San Diego modern architecture firm Hart Wright Architects is designing a home in the Wildland Urban Interface (WUI) and aggressively taking the challenge of hardening the building against fire. The evidence from the many houses destroyed in wildfires shows wildfires ignite homes in particular ways. Here are some brief examples of how fire ignites houses and how Hart Wright Architects’ design addresses these conditions.
Fires start when embers are windblown, some can travel miles. The embers land on a part of the home and it ignites- sometimes it begins with a gutter full of leaves or a valley in the roof that has collected debris. Perhaps the embers land at the base of the house and any exposed wood in the walls ignite. Heat from burning trees or neighboring houses shatters windows, and embers blow into the house and set fire to the furniture or curtains. Also what happens is embers get sucked into soffit or gable-end roof vents, igniting the attic and burning the home from there.
Hart Wright Architects’ design addresses these common ignition points. First, the home is clad in metal siding with no exposed wood anywhere. The walls are built with ICF construction, a sandwich of concrete between two outer layers of styrofoam. With the metal siding over the ICF, there is no material available to ignite. The design of the home utilizes non-combustible materials.

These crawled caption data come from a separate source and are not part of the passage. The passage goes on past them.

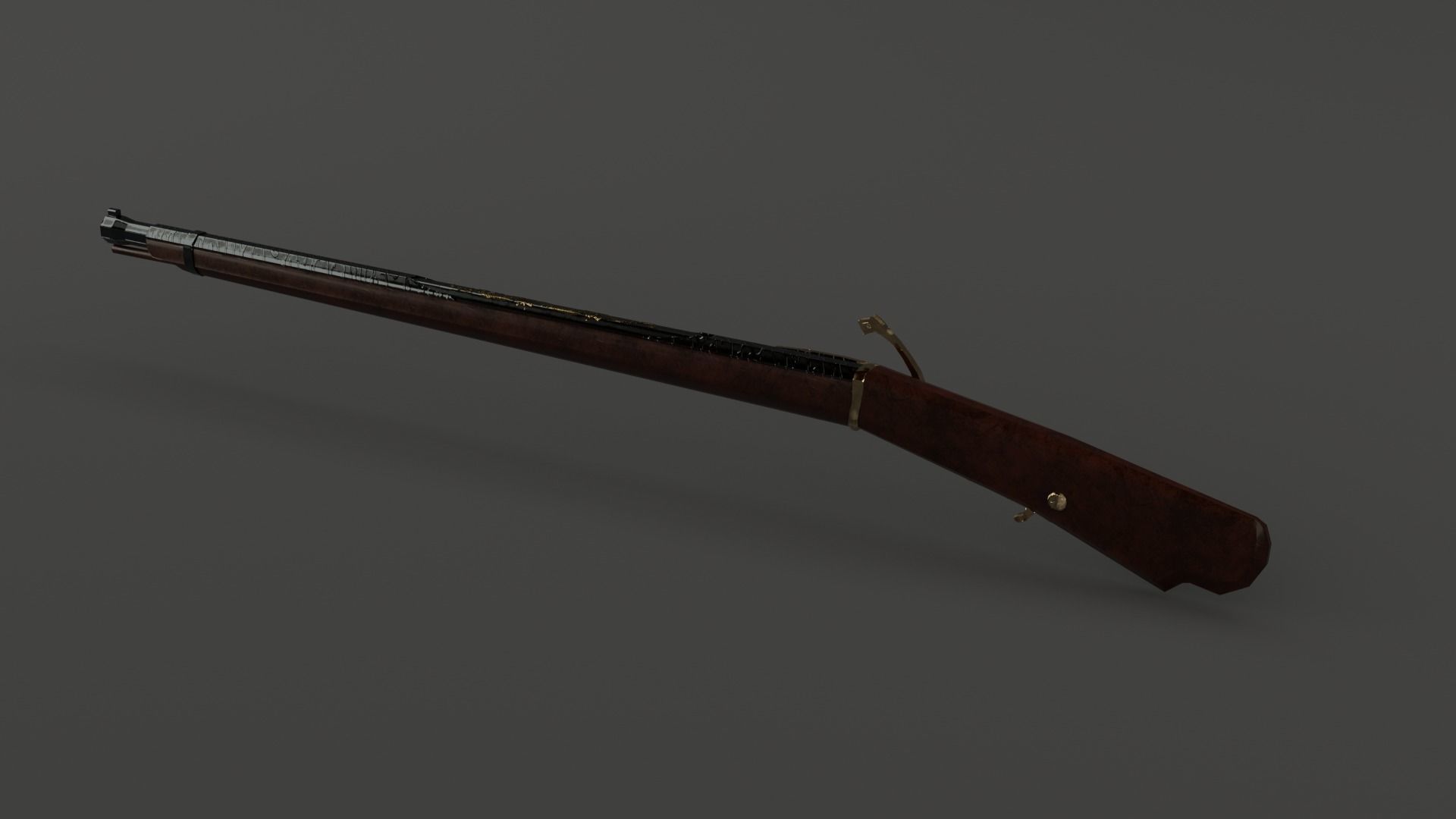 Japanese matchlock rifle Low-poly 3D model_3
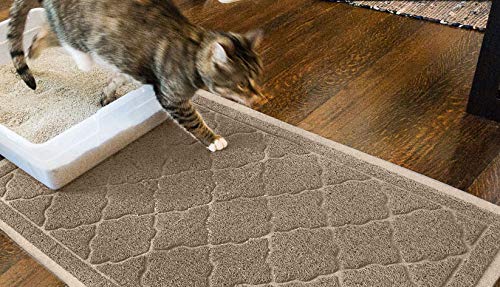 PETUPPY Premium Durable Cat Litter Mat, XL Size 47X36- No Phthalate- Non-Slip-Water Resistant- Easy to Clean-Soft On Kitty Paws-
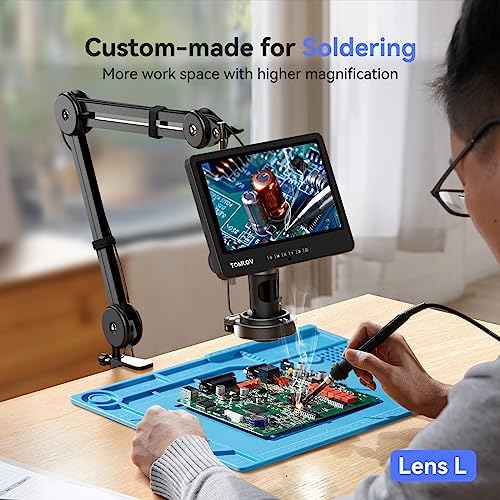 TOMLOV DM602 Flex Digital Soldering Microscope 2000x, Flexible Arm, 10.1" HDMI Microscope with 3 Lens, Coin Magnifier with Ring Light, Adults LCD Video Magnifying Glass, Electronic Repair Mat,64GB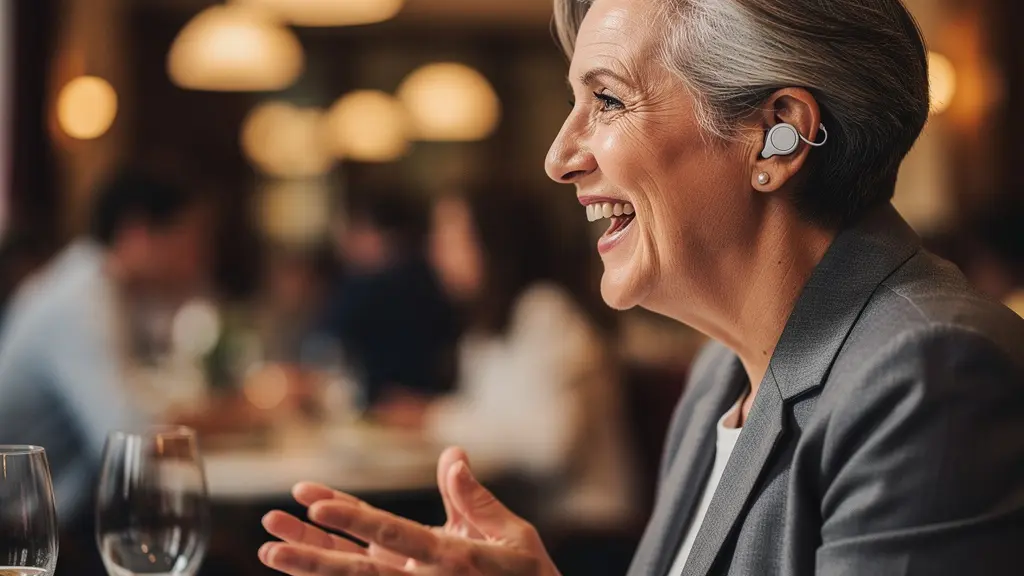 Personne portant une aide auditive discrète dans un environnement de restaurant animé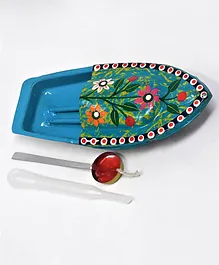 Kuhu Creations Supreme Practical Science Learning Tin Boat Water Toys Flower Print - Blue
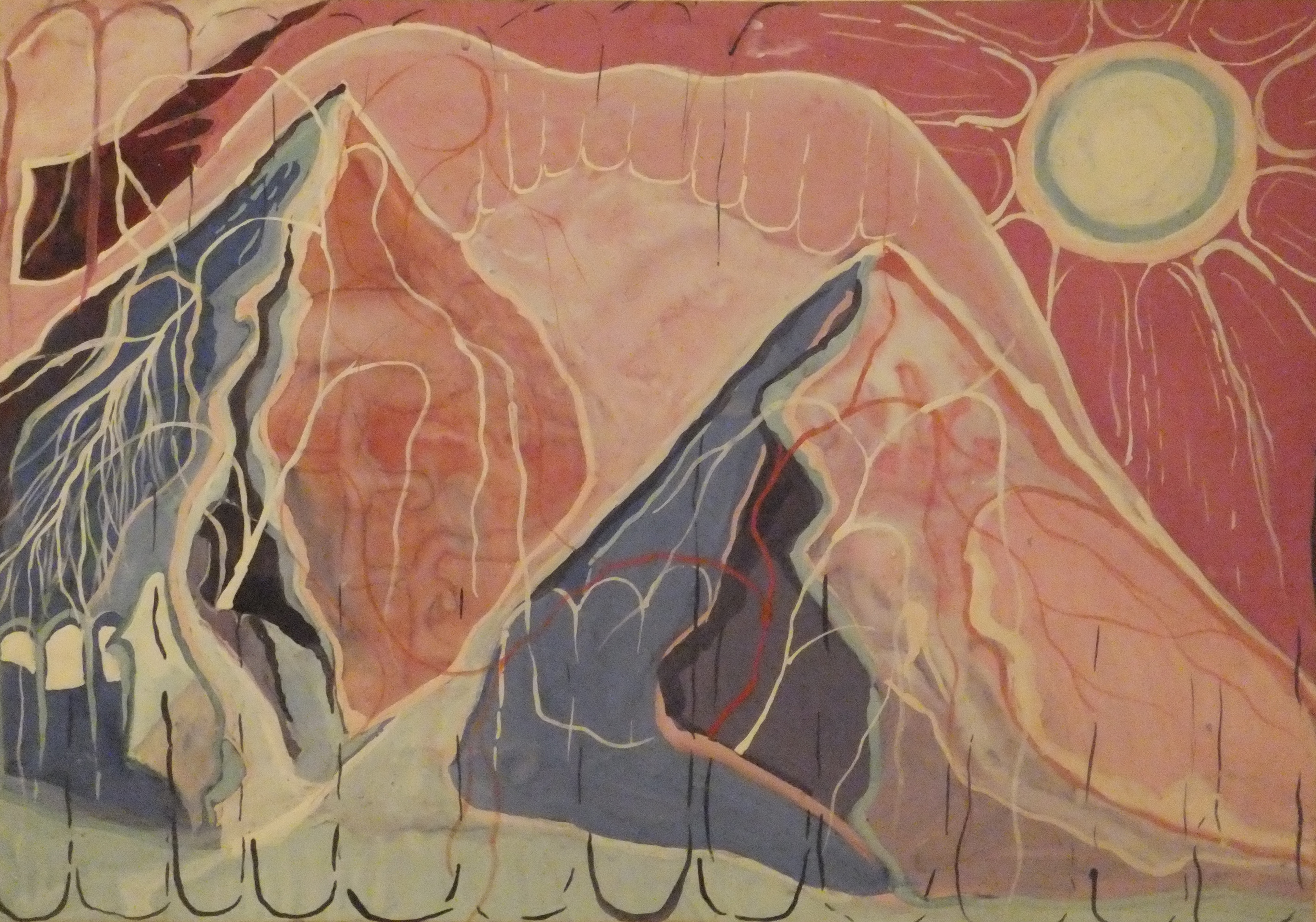 Pintura expressionista a óleo em tons vibrantes de azul e amarelo, mostrando uma figura humana distorcida e emotiva.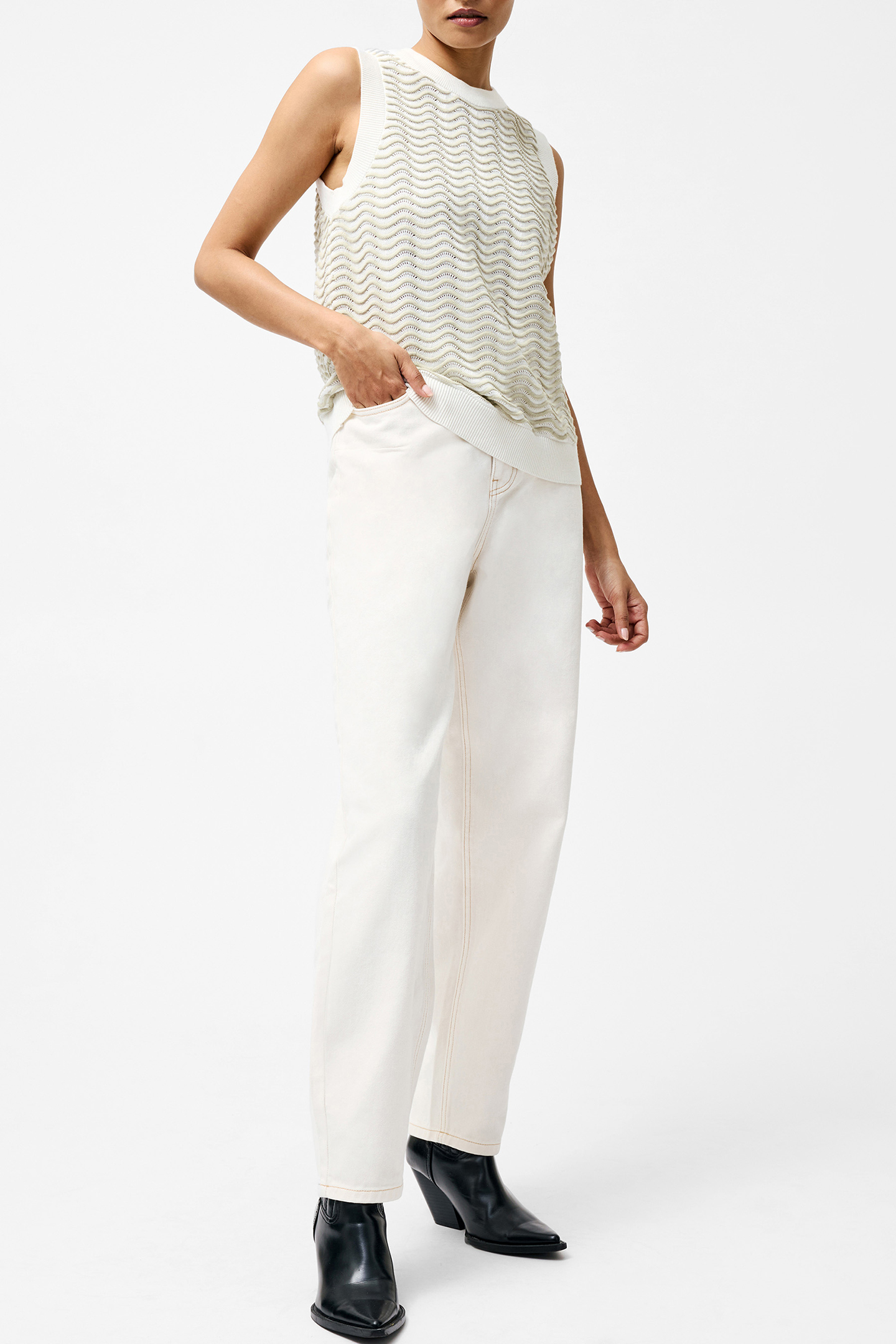 LONDON SLVLSS JUMPER CREAM/PISTACHIO 2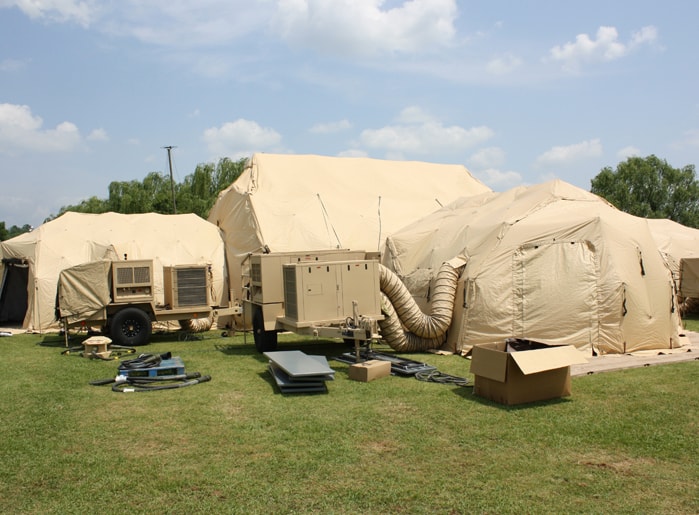 Military field tents with power and climate control systems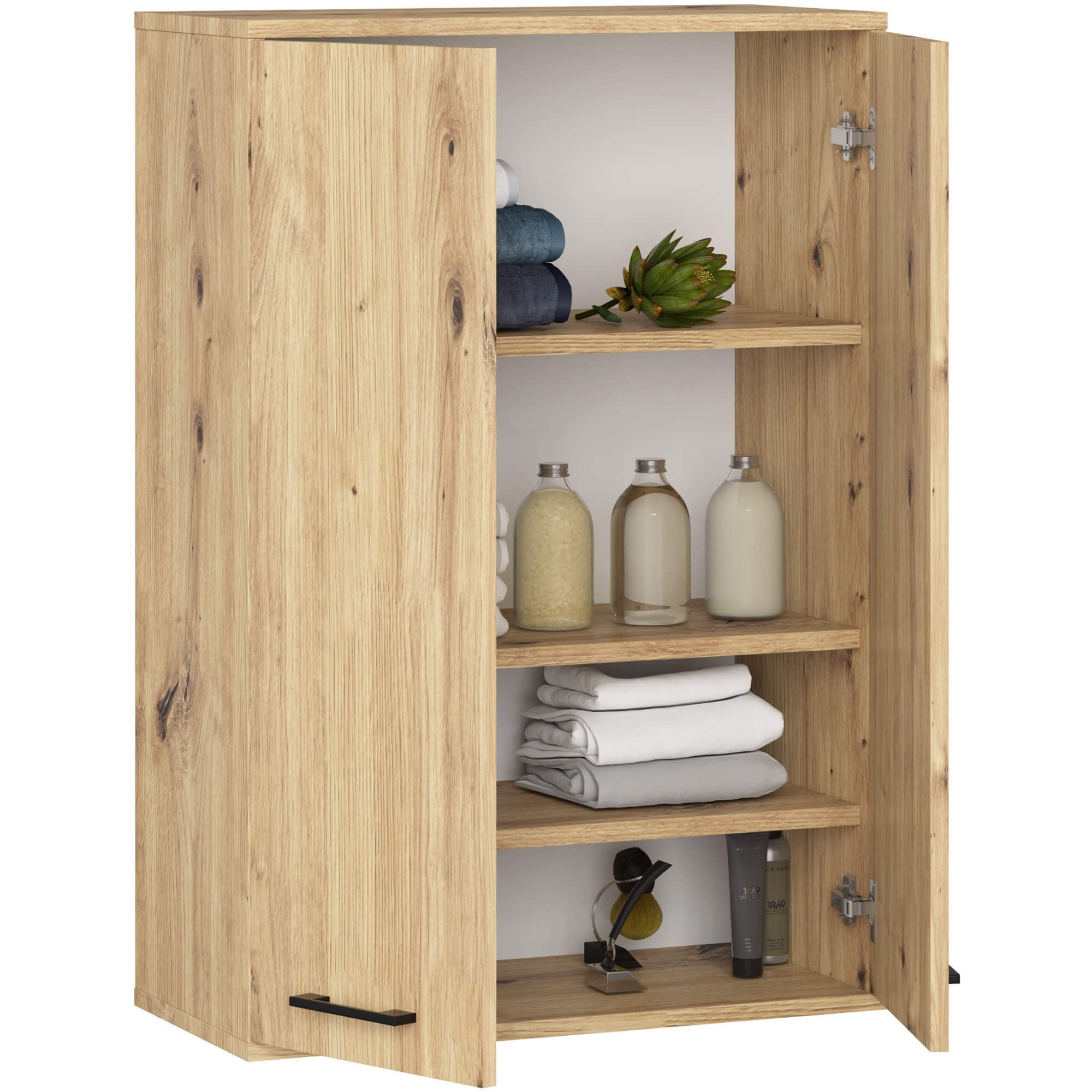 Ak furniture Závěsná koupelnová skříňka Fin W64 64 cm dub artisan - Obrázek 2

The mono slope roof has no valleys that would collect debris and catch stray embers and it is designed to have no vents. A vented roof is an outdated practice that is done for economy. An unvented roof not only protects a house from wildfire but the house also performs well in terms of energy efficiency.
Another design element that hardens the Hart Wright Architects’ fire hardened designed home is the windows. They are protected with exterior steel shutters. These elements not only protect the house from fire but also control heat gain from the glass.